She really needs to add this toad to the calendar
My god the spiders.
That June picture just melts my heart so much I can’t bear to have it ruined by that quote.
Shudder… I’ll take the cup-o-spiders thank you very much.
Meh, I can squish the spiders. I can’t un-see parasitic toad-babies pulsating beneath the surface before forcing their way out like a a Bot Fly. Maybe with a touch of Trypophobia?
Did someone say “trypophobia”?*
- (not to be confused with “tripeophobia”, “Fear of clustered holes or pods served up with onions in white sauce as part of English regional cuisine”, which is not irrational at all).
That’s a uterus, isn’t it. Japan has some game about a uterus. I can only imagine what the concept is… I mean, I shouldn’t be surprised any more… but come on, Japan.
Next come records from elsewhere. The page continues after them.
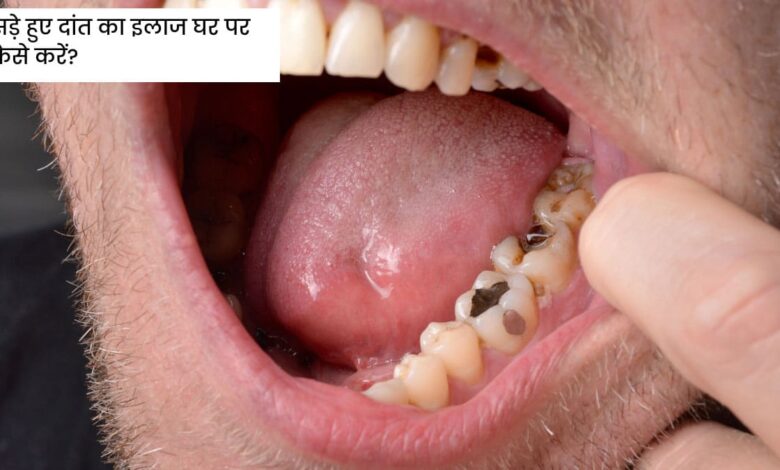 How to treat a rotten teeth at home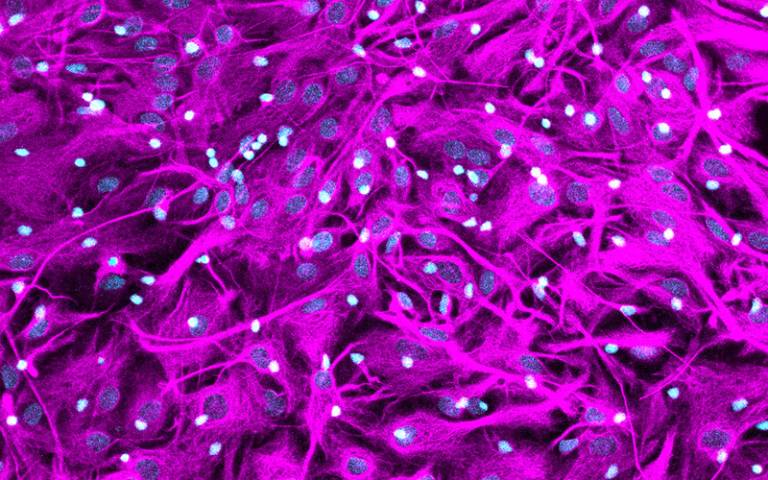 astrocytes by Alice Braga UCL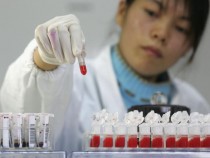 At Long Last! HIV ‘Cure’ Finally Discovered? The Details, Inside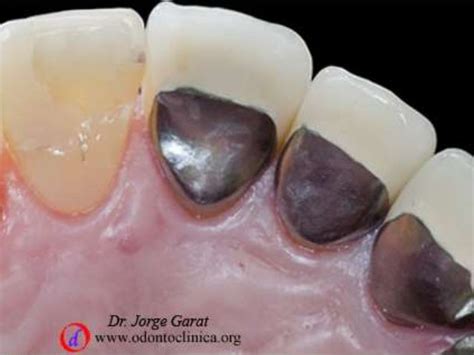 Preparación dentaria para coronas metal porcelana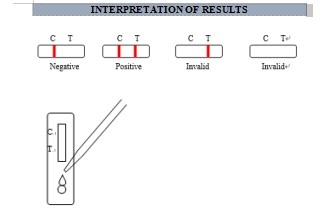 One Step Rapid Colloidal Gold Test For IgM Antibody To Mumps Virus
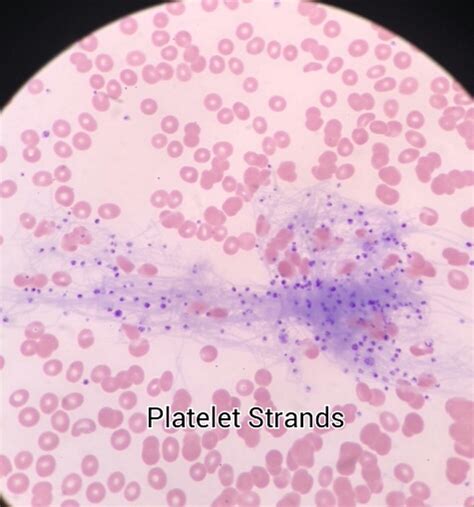 Fibrin Strands With Platelets In A Smear Medical Laboratories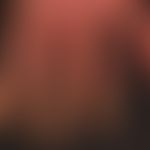 psoriasis of the hands: here partial manifestation of generalized psoriasis. hyperkeratotic plaqu...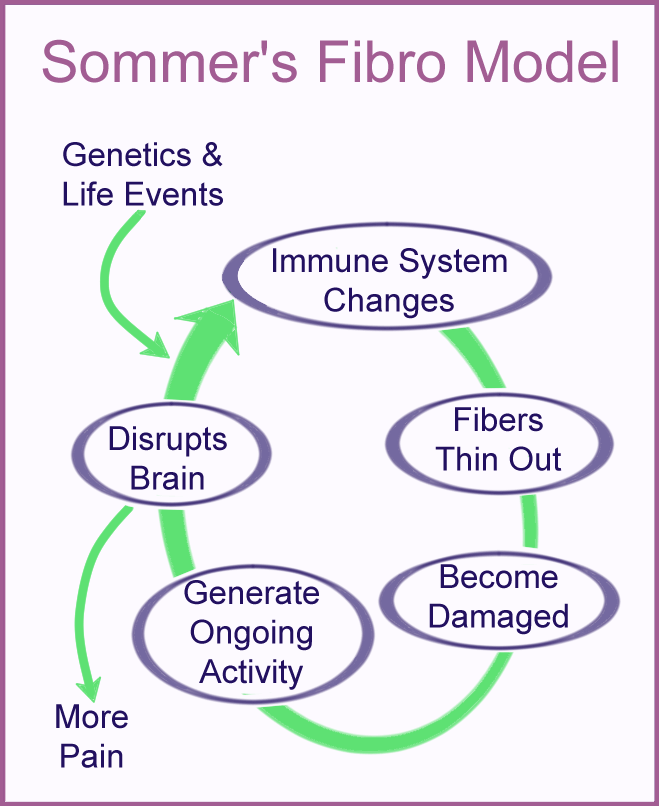 A model showing how small nerve fiber changes in fibromyalgia can cause more pain, but the process is not the same as a neuropathy, according to Claudia Sommer, M.D.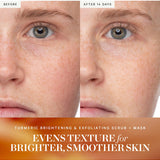 Before and after results from KORA Organics Turmeric Brightening and Exfoliating Scrub + Mask
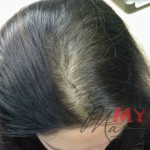 Мазь против выпадения волос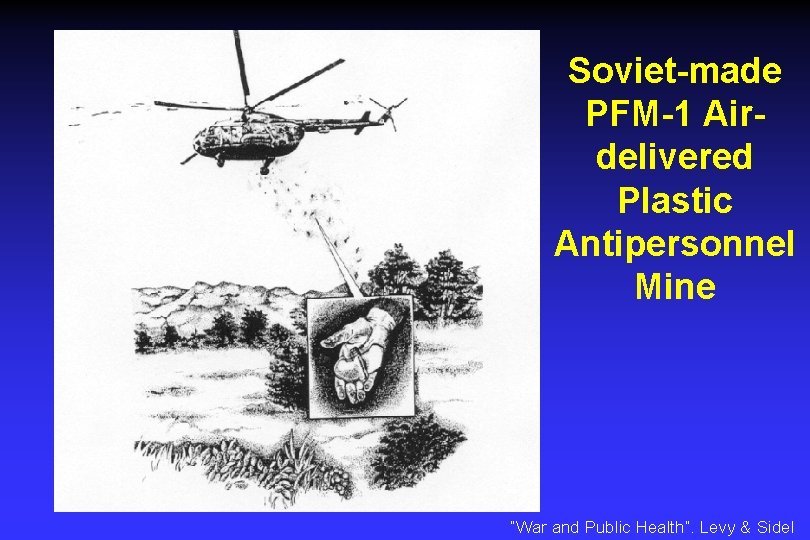Soviet-made PFM-1 Airdelivered Plastic Antipersonnel Mine “War and Public Health”. Levy & Sidel 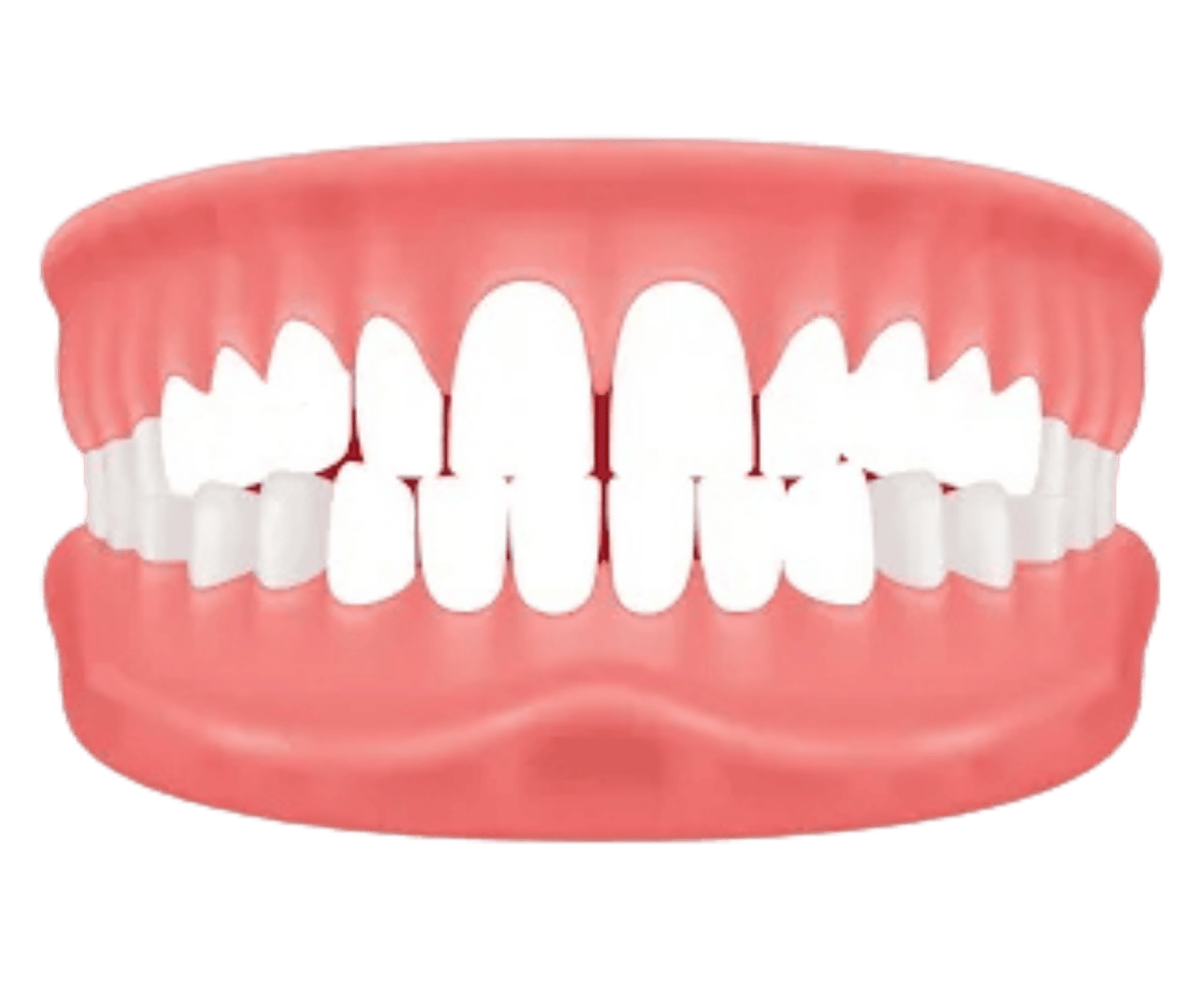 Illustration showing spacing and gaps between teeth, an orthodontic condition treatable with custom invisible aligners at Dr. Pawar's Advanced Dentistry in Thane Wes
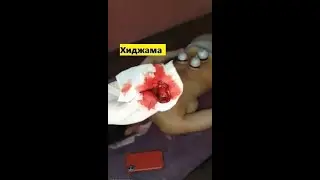 💮Хиджама, делать или нет?⛑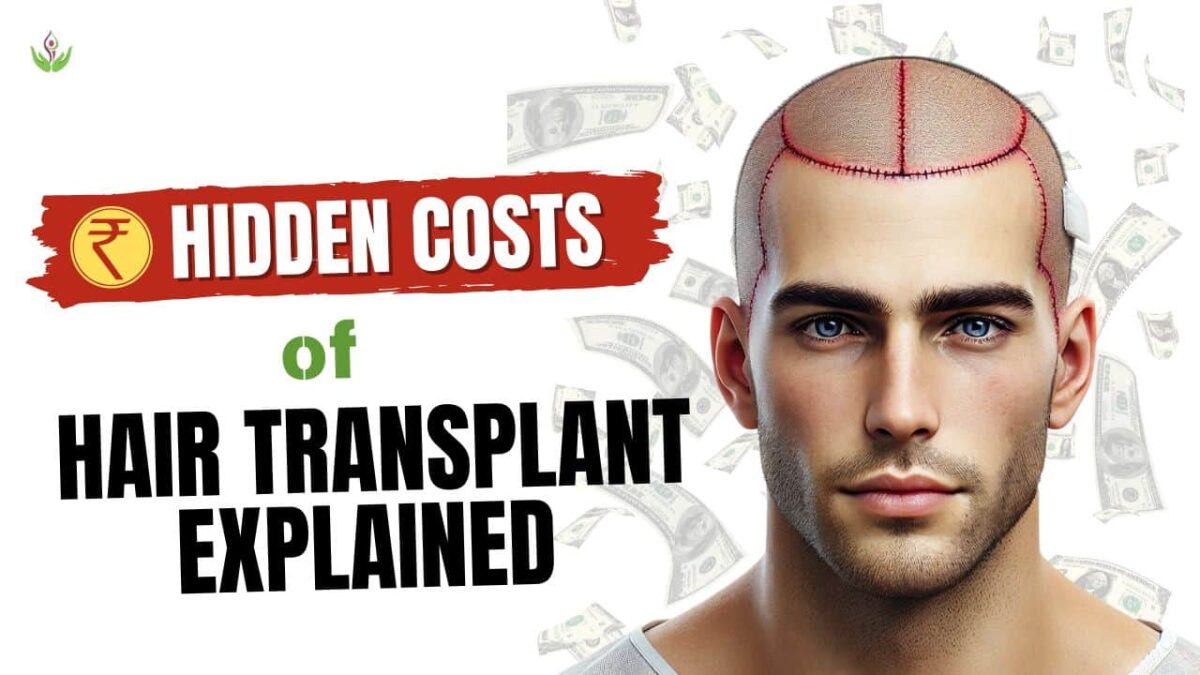 hidden-cost-of-hair-transplant-min-1200x675.jpg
The thing is, it’s not an irrational fear or revulsion when what you’re looking at is pretty much objectively disgusting. Pretty sure people without trypophobia are still skeezed out by people’s hands looking like they got put through a waffle iron made out of razors. Honeycombs, I’m okay with. Macrophotos of strawberries? Tasty. Lotus seeds? Fine. A hand that looks like someone took a holepunch to it? That’s gross. I can imagine my own hand getting injured that way. It’s not irrational, nobody’d enjoy looking at that. Just like nobody’d enjoy looking a scab getting pulled off. It’s an injury.
Are you sure this isn’the from LiartownUSA? Fundamentalists are weird.
You are evil
when you have a long Google Images link like that, the only significant elements in the URL are
That mama possum has the perfect facial expression for her situation.
What I really needed was a nice animated version of lmgtfy. Alas. jokes aren’t meant to be autopsied.